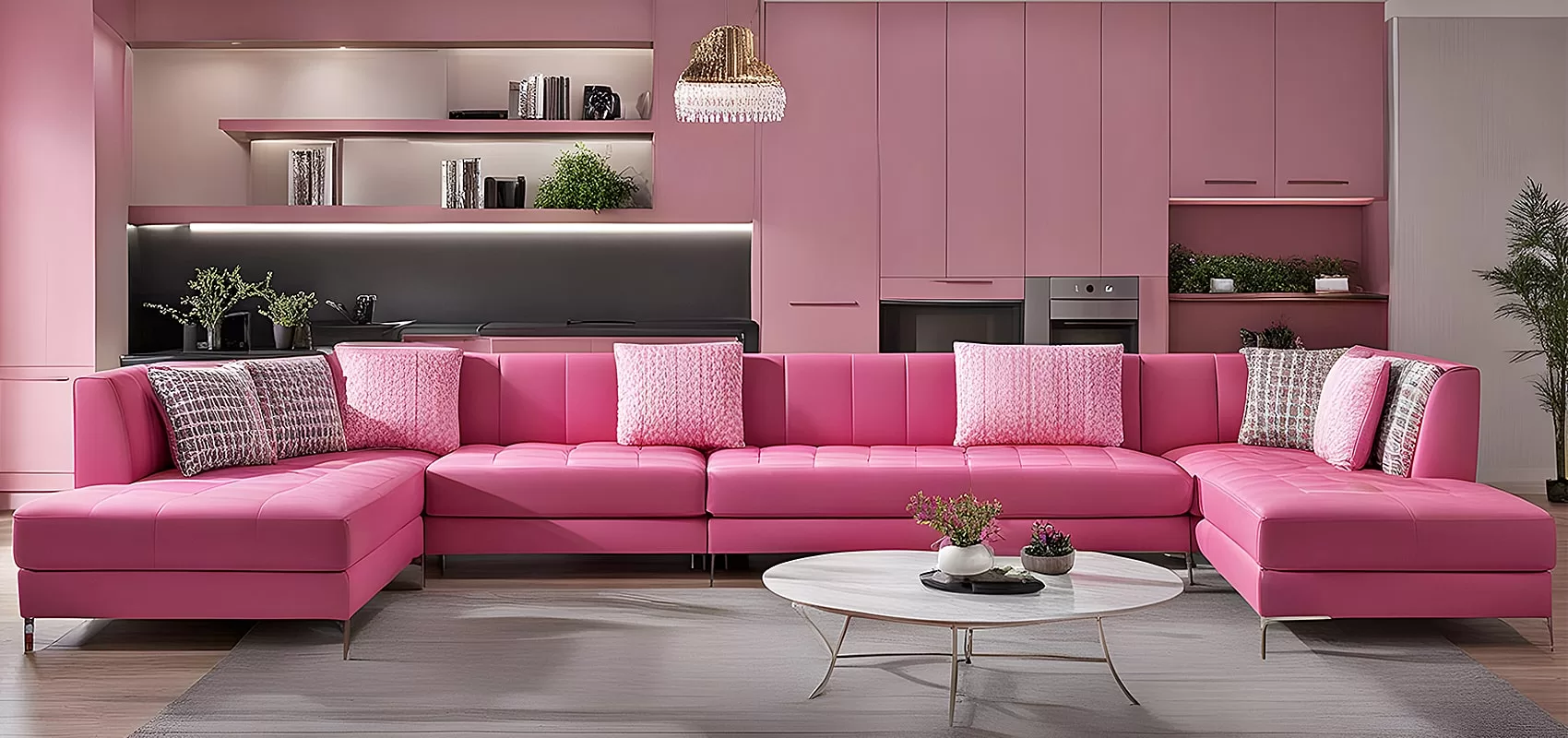 Pink Couch Sectional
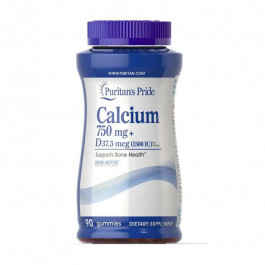   Puritan's Pride Calcium 750 mg + D 37,5 mcg (90 gummies)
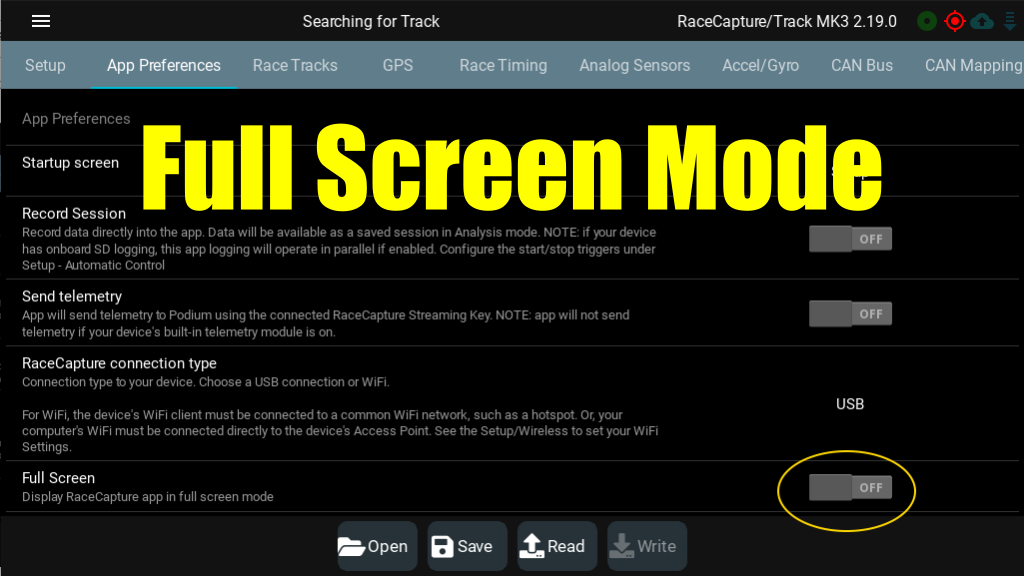 RaceCapture app 2.7.0 – now with fullscreen mode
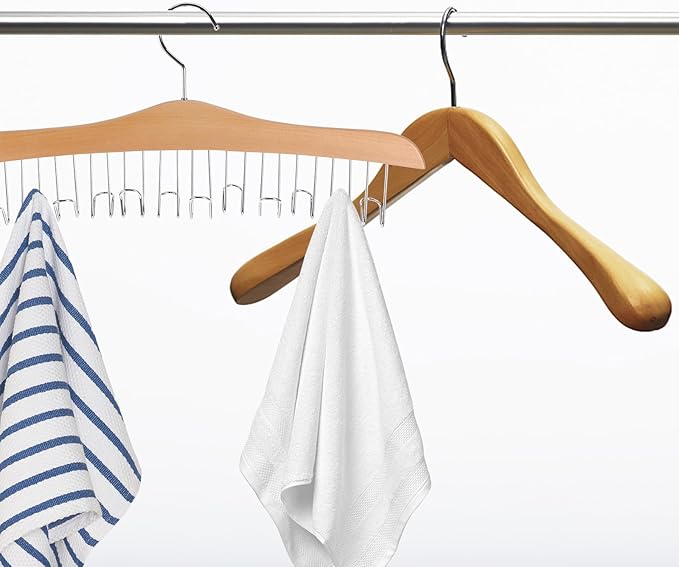 Multi-Functional Solid Timber Strap Hanger and Scarf Hook with Anti-Slip Design for Closet Organization, Natural Wood Color, Space-Saving Accessory Organizer for Men and Women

**Work required:**
Quote precisely the lines of the data from the line containing "RaceCapture app 2.7.0" through its final line, both included, excluding pictures.

**Problem solution:**
 RaceCapture app 2.7.0 – now with fullscreen mode
 Multi-Functional Solid Timber Strap Hanger and Scarf Hook with Anti-Slip Design for Closet Organization, Natural Wood Color, Space-Saving Accessory Organizer for Men and Women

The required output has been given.